▶ **Available data**:
★ ★ ★ ★ ★ ★ ★

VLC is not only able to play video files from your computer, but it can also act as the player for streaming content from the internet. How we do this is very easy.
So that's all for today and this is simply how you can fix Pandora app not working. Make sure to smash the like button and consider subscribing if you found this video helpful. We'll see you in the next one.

★ ★ ★ ★ ★ ★ ★

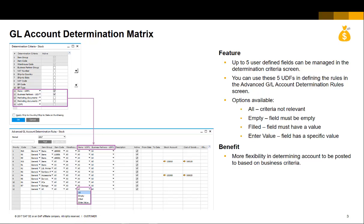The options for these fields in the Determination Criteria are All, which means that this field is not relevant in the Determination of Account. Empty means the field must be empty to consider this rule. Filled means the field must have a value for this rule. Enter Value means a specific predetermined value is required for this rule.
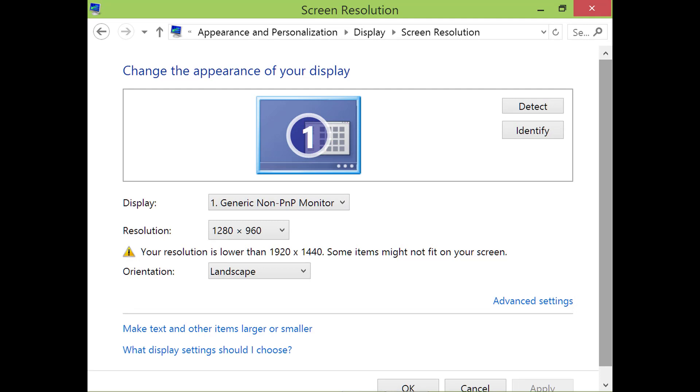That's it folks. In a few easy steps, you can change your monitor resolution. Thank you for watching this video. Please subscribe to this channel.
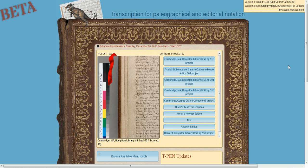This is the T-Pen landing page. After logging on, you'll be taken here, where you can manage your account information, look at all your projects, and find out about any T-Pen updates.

★ ★ ★ ★ ★ ★ ★

▶ **To do**:
Give back the records above exactly, limited to the lines between the one holding "VLC is not only" and the one holding "So that's all", inclusive.

▶ **Solution**:
VLC is not only able to play video files from your computer, but it can also act as the player for streaming content from the internet. How we do this is very easy.
So that's all for today and this is simply how you can fix Pandora app not working. Make sure to smash the like button and consider subscribing if you found this video helpful. We'll see you in the next one.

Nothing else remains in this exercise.